Description: Structural biology focuses on correlating biomolecular structure to function. It is known that proteins take specific shapes and self-assemble into larger complexes with other molecules to perform vital roles. With the development of powerful tools such as NMR spectroscopy, X-ray crystallography, and electron microscopy, scientists have uncovered many structures and shown how their three-dimensional shapes influence their cellular functions. Mass spectrometry has more recently gained traction in the field of structural biology as a complementary approach. Whereas careful measurements with crystallography and microscopy generate detailed three-dimensional images, mass spectrometry provides important molecular information such as the number of individual components in a large complex and their individual masses.

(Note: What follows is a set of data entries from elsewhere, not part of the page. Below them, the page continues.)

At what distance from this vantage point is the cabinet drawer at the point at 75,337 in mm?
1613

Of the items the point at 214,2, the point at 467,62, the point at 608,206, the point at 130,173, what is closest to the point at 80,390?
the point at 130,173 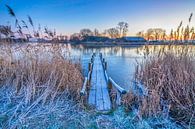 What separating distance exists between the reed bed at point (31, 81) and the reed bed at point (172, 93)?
1.31 meters

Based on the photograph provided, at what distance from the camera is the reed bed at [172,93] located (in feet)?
10.5

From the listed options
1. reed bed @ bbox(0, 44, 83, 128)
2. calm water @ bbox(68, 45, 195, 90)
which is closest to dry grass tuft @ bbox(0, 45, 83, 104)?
reed bed @ bbox(0, 44, 83, 128)

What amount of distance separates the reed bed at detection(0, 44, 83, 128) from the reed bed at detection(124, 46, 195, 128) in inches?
51.5

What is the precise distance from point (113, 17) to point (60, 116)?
582 inches

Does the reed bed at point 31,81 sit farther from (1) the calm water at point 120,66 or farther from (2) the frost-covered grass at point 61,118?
(1) the calm water at point 120,66

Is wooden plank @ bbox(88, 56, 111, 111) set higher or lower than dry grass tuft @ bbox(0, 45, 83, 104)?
lower

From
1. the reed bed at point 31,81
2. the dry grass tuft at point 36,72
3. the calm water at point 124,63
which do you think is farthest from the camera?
the calm water at point 124,63

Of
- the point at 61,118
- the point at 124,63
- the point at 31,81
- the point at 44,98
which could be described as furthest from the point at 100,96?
the point at 124,63

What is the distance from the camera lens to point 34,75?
4.14m

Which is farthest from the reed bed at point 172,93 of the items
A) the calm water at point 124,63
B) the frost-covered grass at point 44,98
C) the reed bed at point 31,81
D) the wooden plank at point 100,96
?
the reed bed at point 31,81

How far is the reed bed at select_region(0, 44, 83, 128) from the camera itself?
3.10m

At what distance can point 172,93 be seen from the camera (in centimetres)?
341

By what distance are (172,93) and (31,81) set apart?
2572 mm

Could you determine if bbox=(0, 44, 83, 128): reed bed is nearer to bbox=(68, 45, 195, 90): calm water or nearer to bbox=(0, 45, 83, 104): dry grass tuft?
bbox=(0, 45, 83, 104): dry grass tuft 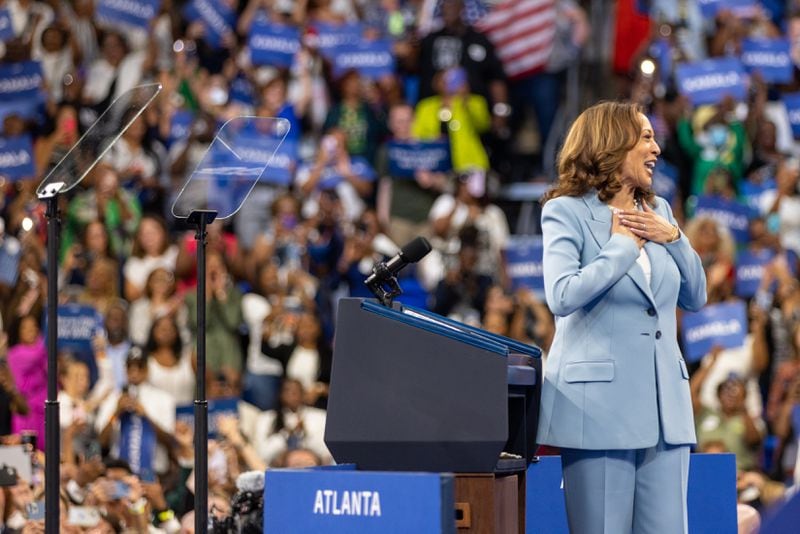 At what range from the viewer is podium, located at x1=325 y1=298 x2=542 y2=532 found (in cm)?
357

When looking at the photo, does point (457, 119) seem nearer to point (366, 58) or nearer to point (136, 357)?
point (366, 58)

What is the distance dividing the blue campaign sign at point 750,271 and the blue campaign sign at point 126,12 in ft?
15.7

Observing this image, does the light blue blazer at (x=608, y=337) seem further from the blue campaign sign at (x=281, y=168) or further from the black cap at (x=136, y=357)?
the blue campaign sign at (x=281, y=168)

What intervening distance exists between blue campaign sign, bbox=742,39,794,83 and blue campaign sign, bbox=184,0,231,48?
3835mm

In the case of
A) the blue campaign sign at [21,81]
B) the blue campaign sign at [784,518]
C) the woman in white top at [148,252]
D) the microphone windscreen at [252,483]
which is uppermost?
the blue campaign sign at [21,81]

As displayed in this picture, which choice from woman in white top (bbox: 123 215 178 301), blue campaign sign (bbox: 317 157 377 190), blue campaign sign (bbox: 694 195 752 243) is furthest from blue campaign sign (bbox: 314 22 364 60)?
blue campaign sign (bbox: 694 195 752 243)

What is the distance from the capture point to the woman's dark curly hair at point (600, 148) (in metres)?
3.86

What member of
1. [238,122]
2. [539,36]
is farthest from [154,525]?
[539,36]

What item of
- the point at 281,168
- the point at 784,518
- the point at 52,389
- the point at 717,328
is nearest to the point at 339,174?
the point at 281,168

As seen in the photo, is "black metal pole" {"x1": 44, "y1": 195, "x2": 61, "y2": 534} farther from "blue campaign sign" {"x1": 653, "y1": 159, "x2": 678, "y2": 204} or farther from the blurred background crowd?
→ "blue campaign sign" {"x1": 653, "y1": 159, "x2": 678, "y2": 204}

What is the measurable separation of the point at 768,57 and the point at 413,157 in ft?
8.70

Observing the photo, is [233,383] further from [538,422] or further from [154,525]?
[538,422]

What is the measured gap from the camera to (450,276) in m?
9.30

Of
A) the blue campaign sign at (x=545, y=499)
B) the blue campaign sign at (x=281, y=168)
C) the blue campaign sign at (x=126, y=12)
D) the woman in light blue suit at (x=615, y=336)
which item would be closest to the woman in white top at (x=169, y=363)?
the blue campaign sign at (x=281, y=168) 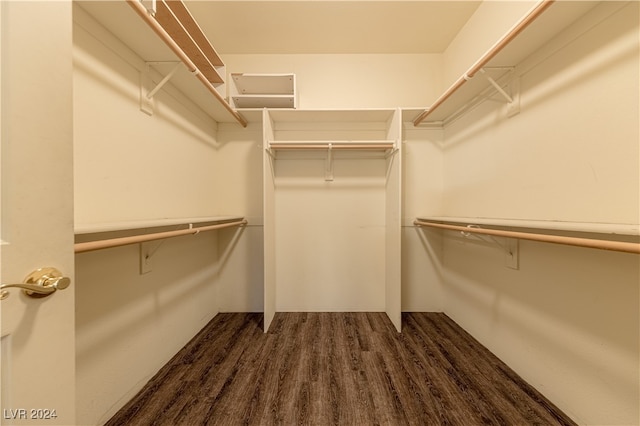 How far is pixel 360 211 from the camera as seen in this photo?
2.19 meters

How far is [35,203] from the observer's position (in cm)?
50

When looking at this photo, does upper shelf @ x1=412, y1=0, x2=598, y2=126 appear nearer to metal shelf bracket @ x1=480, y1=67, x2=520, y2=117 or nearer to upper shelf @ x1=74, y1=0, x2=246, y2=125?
metal shelf bracket @ x1=480, y1=67, x2=520, y2=117

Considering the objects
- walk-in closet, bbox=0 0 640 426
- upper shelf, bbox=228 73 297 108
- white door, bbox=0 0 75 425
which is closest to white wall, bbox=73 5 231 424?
walk-in closet, bbox=0 0 640 426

One strength of mass spectrometry is its ability to weigh and sort different components in a mixture; however, this requires the molecules in the sample to be removed from their stable liquid environment and suspended in electric fields under high vacuum as highly charged particles. We use a technique called electrospray ionization to gently apply charge to the molecules and transfer them into the vacuum environment of the mass spectrometer, but whether these molecules retained their native liquid-phase structure remained a question. An approach termed “soft-landing” can address this question by transmitting the charged molecules through the mass spectrometer and collecting them on a surface. The landed particles can then be imaged with electron microscopy.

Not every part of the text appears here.